#### DATA FOR THE TASK
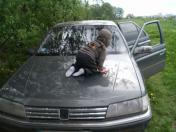 Зображення Peugeot 605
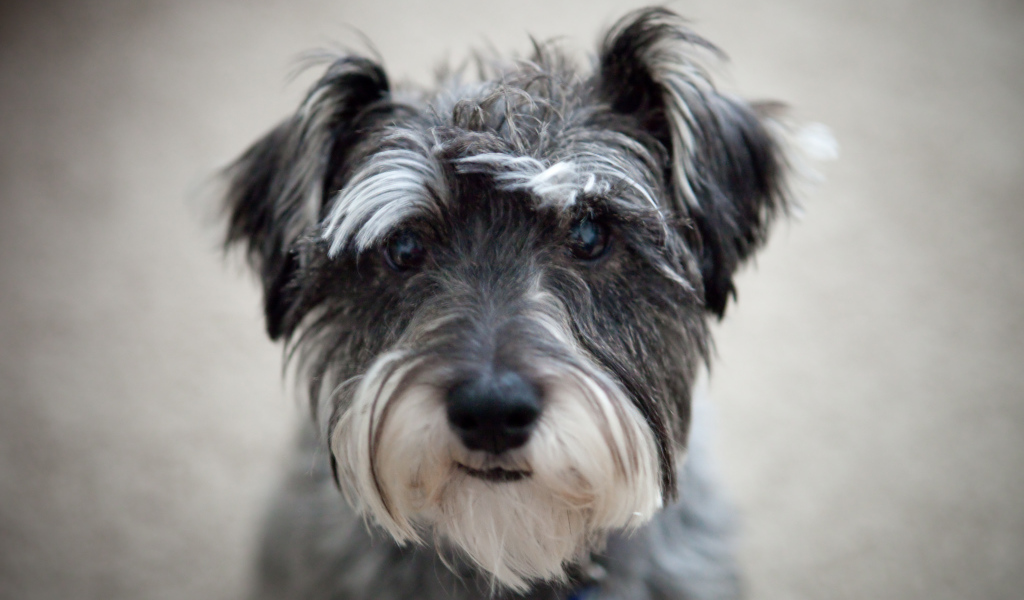 Милашка собака шнауцер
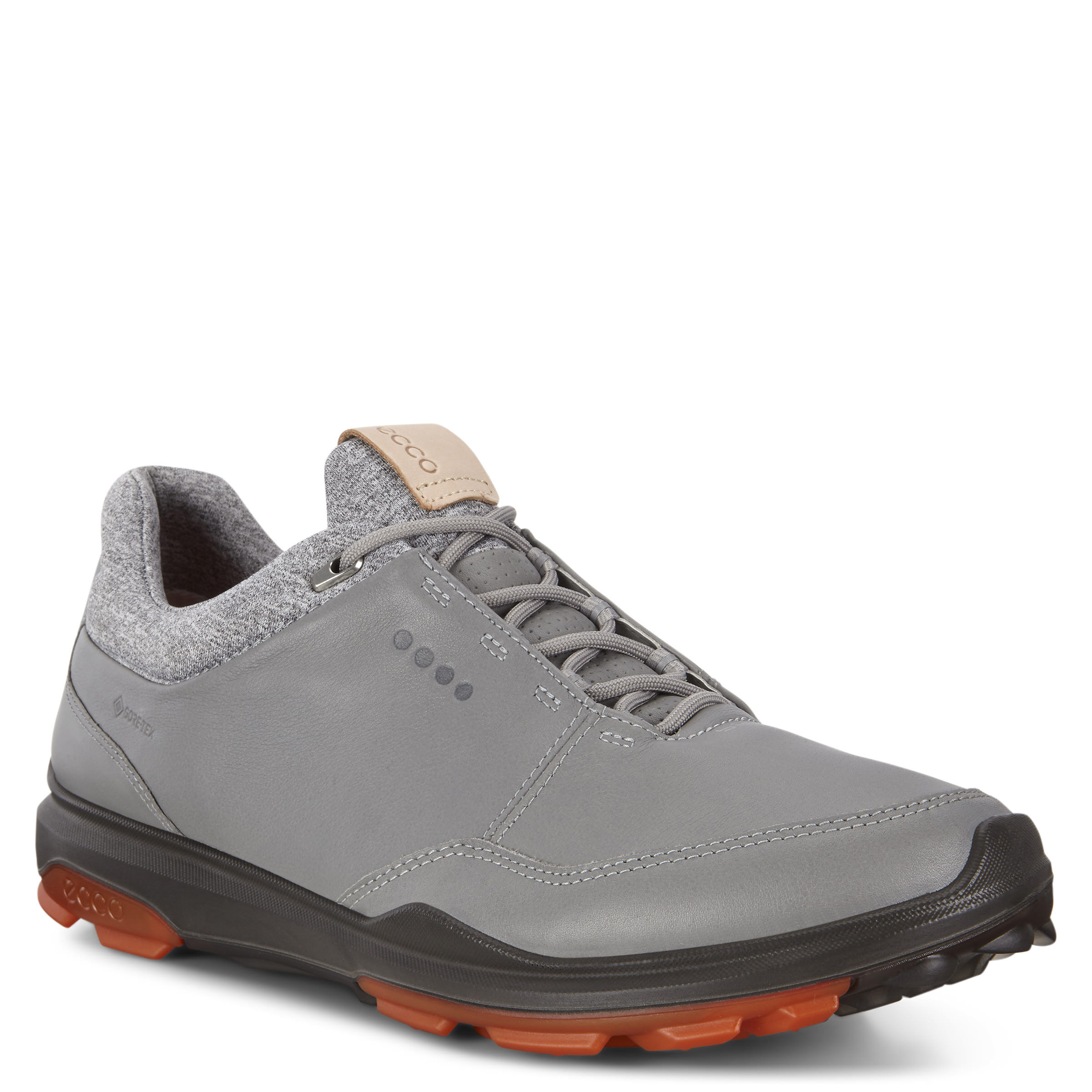 ECCO Men's Biom Hybrid 3 Gore-TEX Golf Shoe, Wild Dove/Fire Yak, 40EU ...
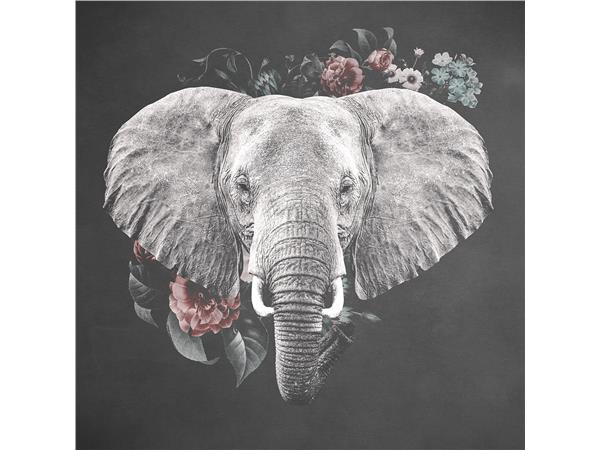 Een Wanddecoratie Elephant with Flowers 74x74cm RVS koop je bij Meubels and More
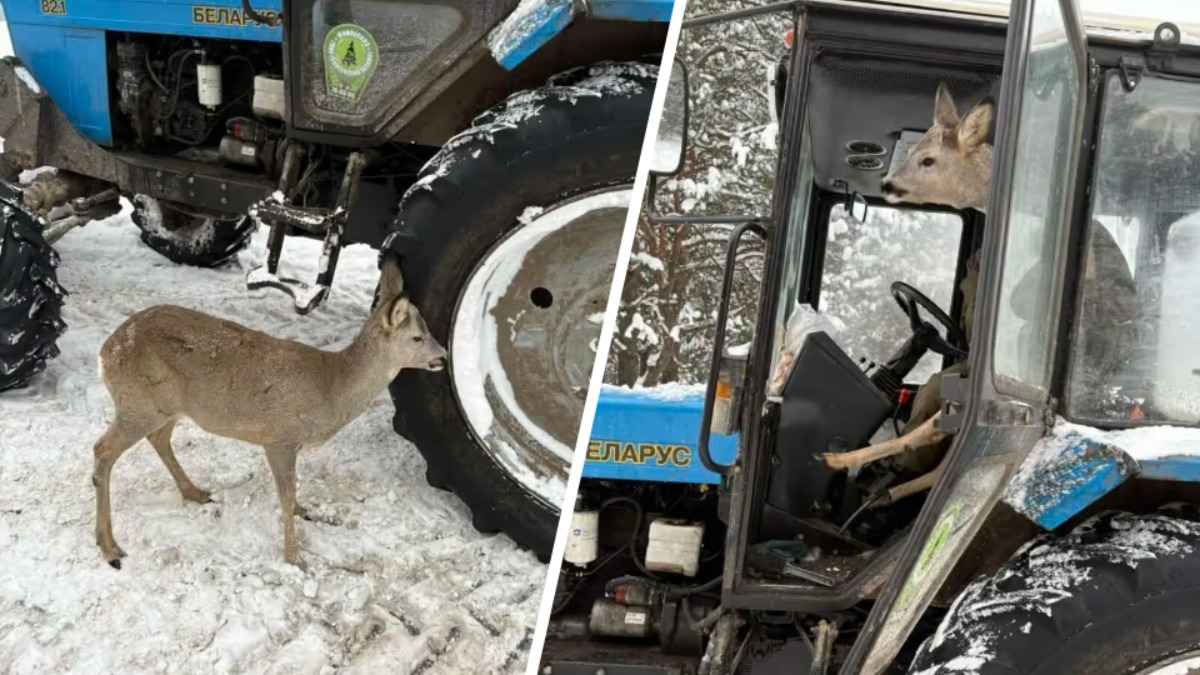 Под Бобруйском косуля погрелась в кабине трактора - "Накормили и отпустили"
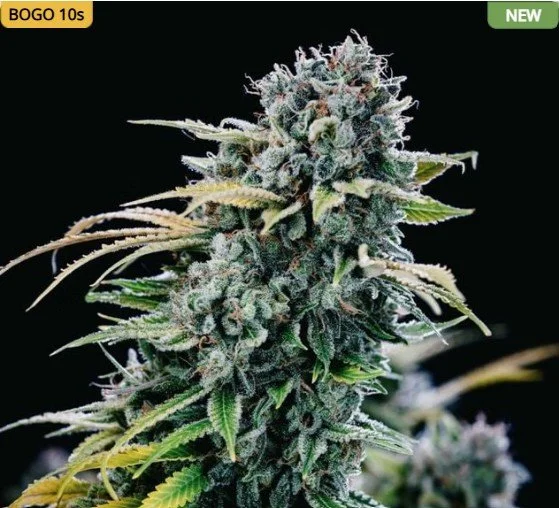 Green Crack Feminized Seeds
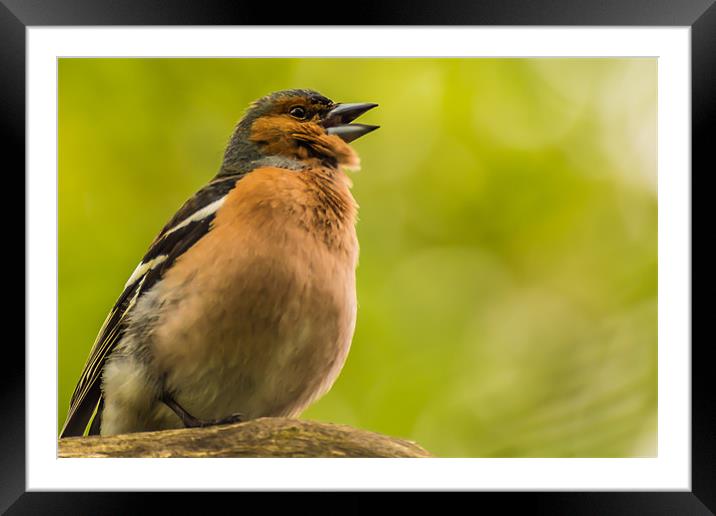 Chaffinch Calling Framed Mounted Print by Phil Tinkler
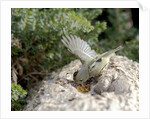 Ruby-crowned Kinglet by Anonymous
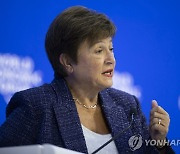 IMF 총재, 미·EU 녹색산업 지원 비판…"개도국에 부정적 영향"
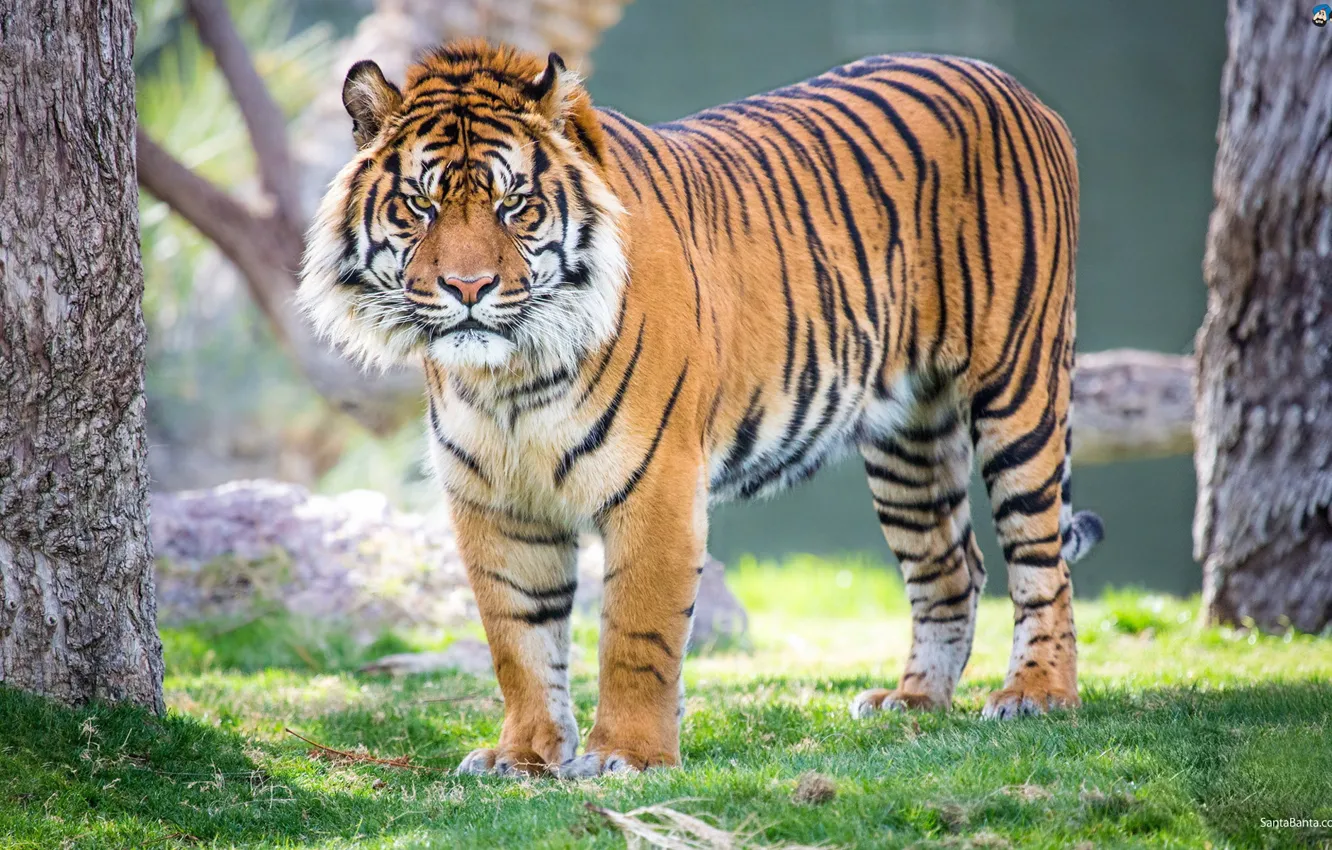 Фото обои Tiger, Powerful, Perfect Killing Machine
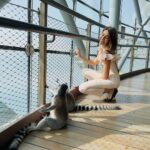 Erica Fernandes Instagram - A good morning stretch is very vital, and as you can see I am learning from the best 😉 #ringedtailedlemur The Green Planet Dubai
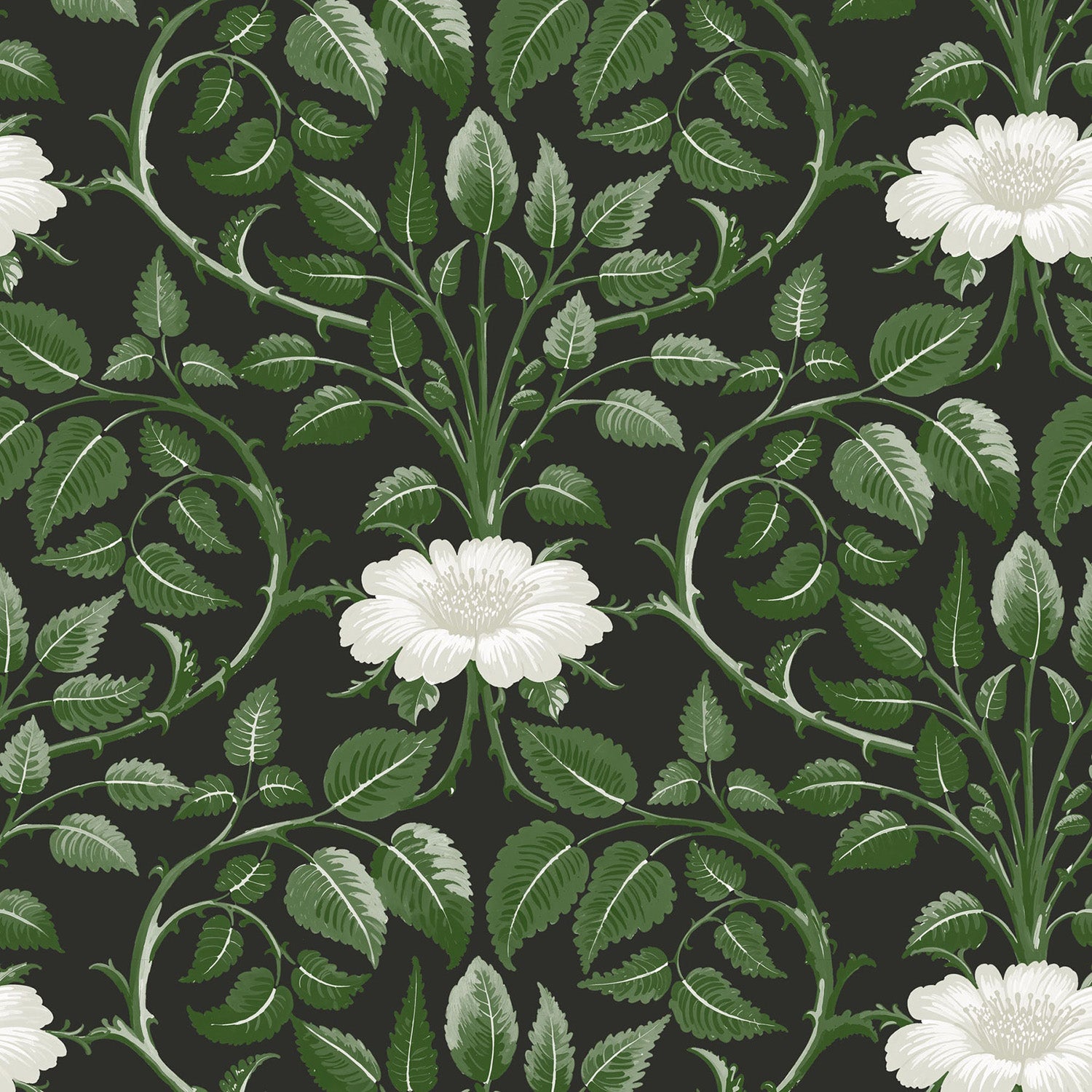 Mitchell Black Garden Vine Wallpaper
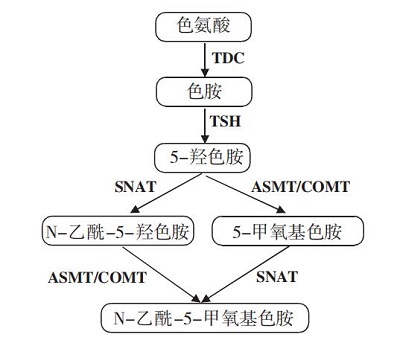 褪黑素在植物体内的合成途径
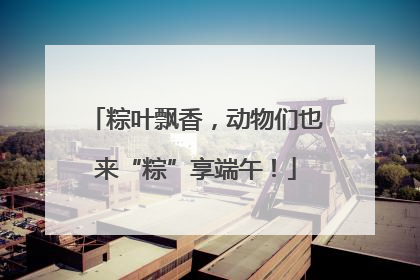 粽叶飘香，动物们也来“粽”享端午！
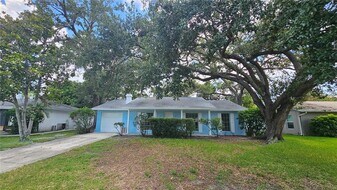 5303 W Cleveland St in Tampa, FL - Building Photo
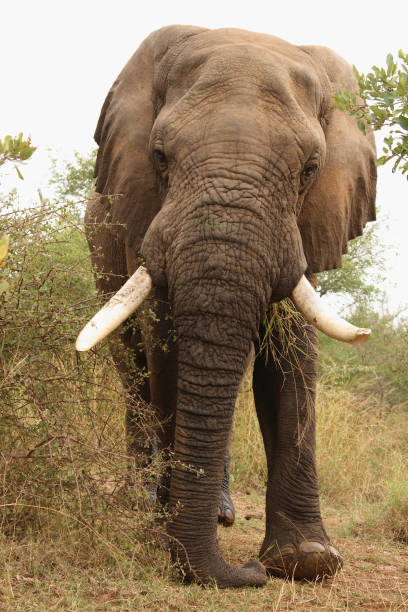 istock Afrikanischer Elefant / African elephant / Loxodonta africana 2205349188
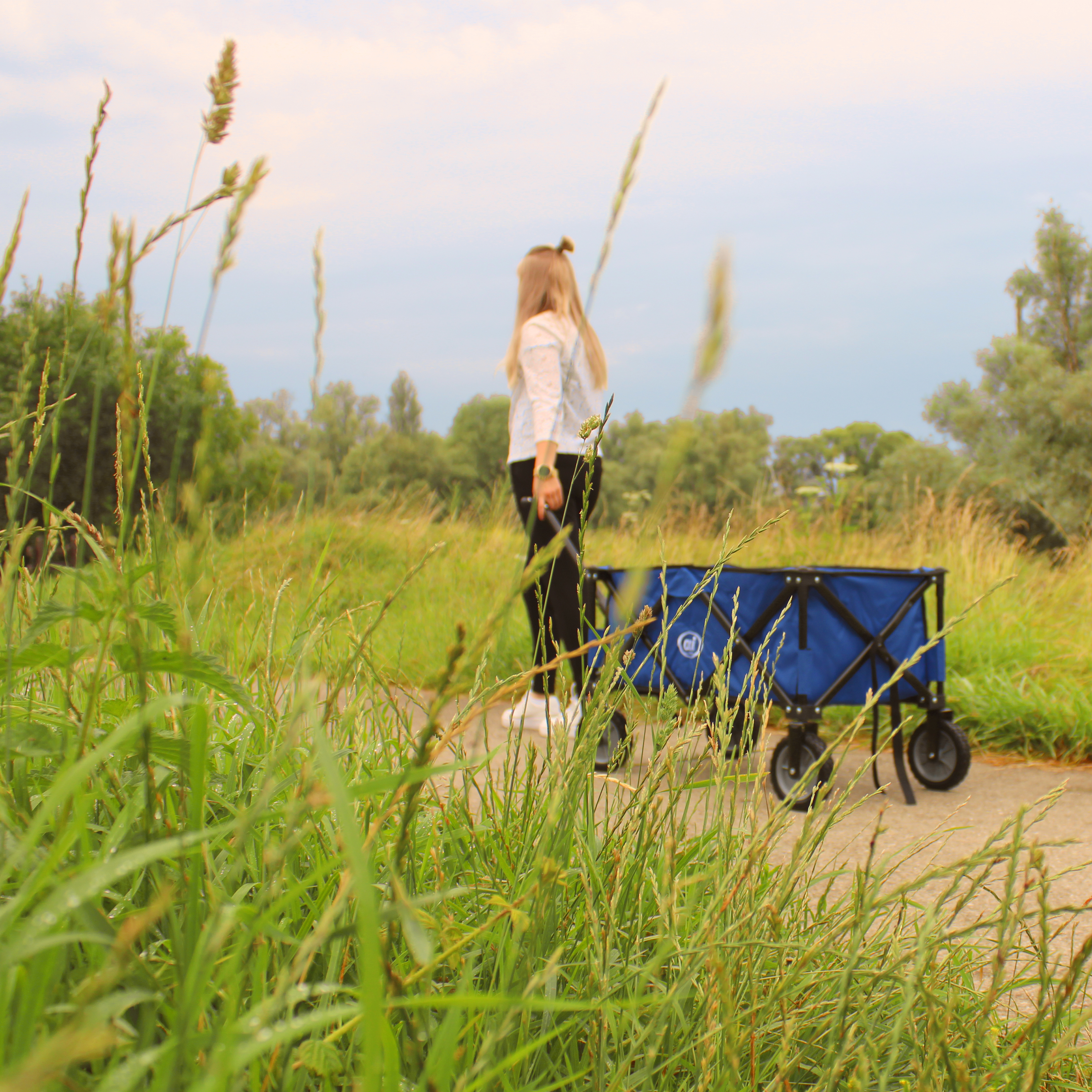 AXI AB110 Foldable Beach Wagon - Blue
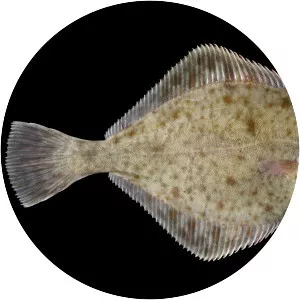 European flounder - Fish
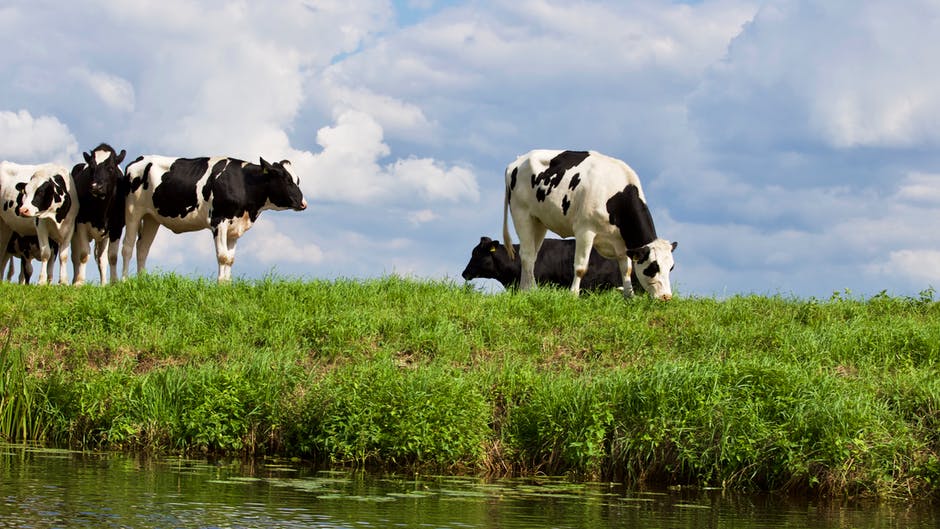 Rule Provides Clearer Definition of “Waters of the United States”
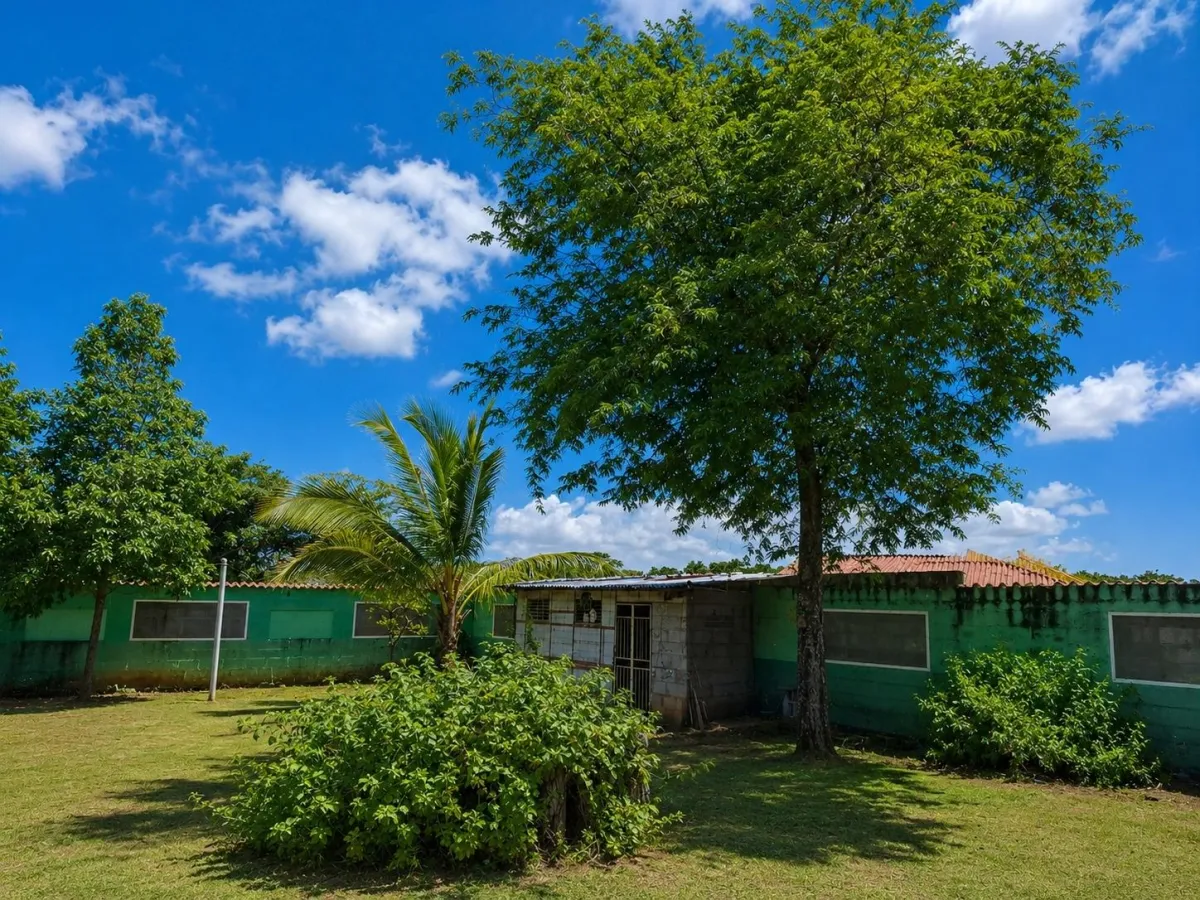Affordable house on 1,940 m² of land - A Green Par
########
EXERCISE OBJECTIVE:
Your output is the lines from the top of the entries through the line containing "European flounder - Fish", exactly as they stand. No pictures belong in it.

TASK RESULT:
 Зображення Peugeot 605
 Милашка собака шнауцер
 ECCO Men's Biom Hybrid 3 Gore-TEX Golf Shoe, Wild Dove/Fire Yak, 40EU ...
 Een Wanddecoratie Elephant with Flowers 74x74cm RVS koop je bij Meubels and More
 Под Бобруйском косуля погрелась в кабине трактора - "Накормили и отпустили"
 Green Crack Feminized Seeds
 Chaffinch Calling Framed Mounted Print by Phil Tinkler
 Ruby-crowned Kinglet by Anonymous
 IMF 총재, 미·EU 녹색산업 지원 비판…"개도국에 부정적 영향"
 Фото обои Tiger, Powerful, Perfect Killing Machine
 Erica Fernandes Instagram - A good morning stretch is very vital, and as you can see I am learning from the best 😉 #ringedtailedlemur The Green Planet Dubai
 Mitchell Black Garden Vine Wallpaper
 褪黑素在植物体内的合成途径
 粽叶飘香，动物们也来“粽”享端午！
 5303 W Cleveland St in Tampa, FL - Building Photo
 istock Afrikanischer Elefant / African elephant / Loxodonta africana 2205349188
 AXI AB110 Foldable Beach Wagon - Blue
 European flounder - Fish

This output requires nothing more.